Über Telegram sei er an einen Unbekannten namens Abu Hab geraten. Der Kontakt habe ihm erklärt, wie man einen Sprengkörper bastelt. Zugleich aber beteuerte J., dass er nie einen Anschlag auf die jüdische Einrichtung geplant habe.
Rolle des Chatpartners noch ungewiss
Zunächst wurden auch zwei weitere Brüder des Beschuldigten festgesetzt, die dabei beobachtet wurden, wie sie einen Campingkocher und eine Gaskartusche in einen Wagen mit Osnabrücker Kennzeichen verfrachtet hatten.
Zudem ließ die Generalstaatsanwaltschaft weitere Objekte durchsuchen. Erneut durchstöberten Sprengstoffhunde die Räume. Wie aus Ermittlungskreisen zu erfahren war, fanden sich bisher weder Sprengstoff noch Waffen. Die Beweislage scheint vage zu sein.

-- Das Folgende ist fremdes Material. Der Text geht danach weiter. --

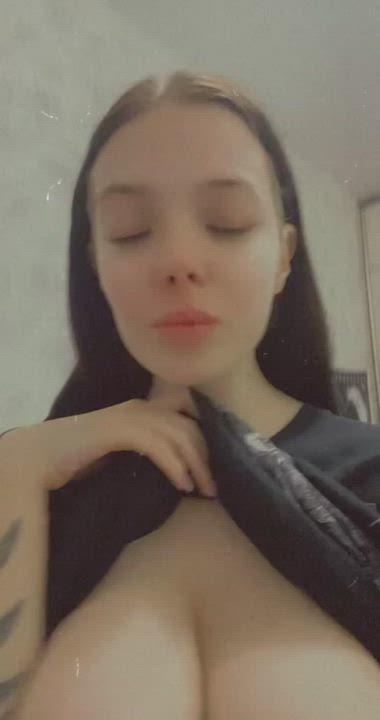 18 yo ?i love do titty selfie for my subscribers?custom?sexting?cock rate?deepthroat?dildo?solo?tits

Aus der Auswertung des Handys und dem Chatverkehr erhoffen sich die Staatsschützer weitere Aufschlüsse über die Frage, wie ernsthaft die Absichten des Jugendlichen waren. Prahlte da ein pubertierender Antisemit mit seinem Vorhaben, oder war es ihm ernst? Zudem versuchen die Strafverfolger nach wie vor den Chatpartner „Abu Hab“ zu identifizieren und seine Rolle einzuordnen. Gab er etwa das Kommando für einen Anschlag? Oder war es umgekehrt? Wie es hieß, werde man nach den Vernehmungen von Vater und Sohn über den weiteren Fortgang der Ermittlungen entscheiden. Sollten sich nicht weitere Beweise finden lassen, kommen Vater und Sohn wieder frei.

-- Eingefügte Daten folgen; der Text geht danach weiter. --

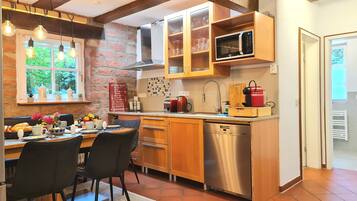 Kühlschrank, Mikrowelle, Herdplatte, Geschirrspüler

Antisemitische Stimmung macht sich bemerkbar
Bereits im Frühjahr grassierte antisemitische Hetze durch junge Muslime hierzulande im Zuge des Palästina-Konflikts. Dabei wirken wie so oft die sozialen Netzwerke als Radikalisierungsmaschine. Einpeitscher der palästinensischen Terrororganisation Hamas oder dem Islamischen Staats rufen im Netz dazu auf, den Staat Israel und alle Juden weltweit zu vernichten.
Vor dem Hintergrund verabredeten sich damals drei junge Syrer zu einer spontanen Attacke auf die örtliche Synagoge in Bonn. Einer von ihnen ließ mit einem Steinwurf das Glasfenster am Eingangsbereich splittern. Danach fackelten die Angreifer die Fahne des Staates Israel ab. Zeugen alarmierten die Polizei, die kurz darauf die Männer fasste. Das Trio legte ein Geständnis ab. Auch fanden sich am Tatort Zettel mit arabischen Tiraden.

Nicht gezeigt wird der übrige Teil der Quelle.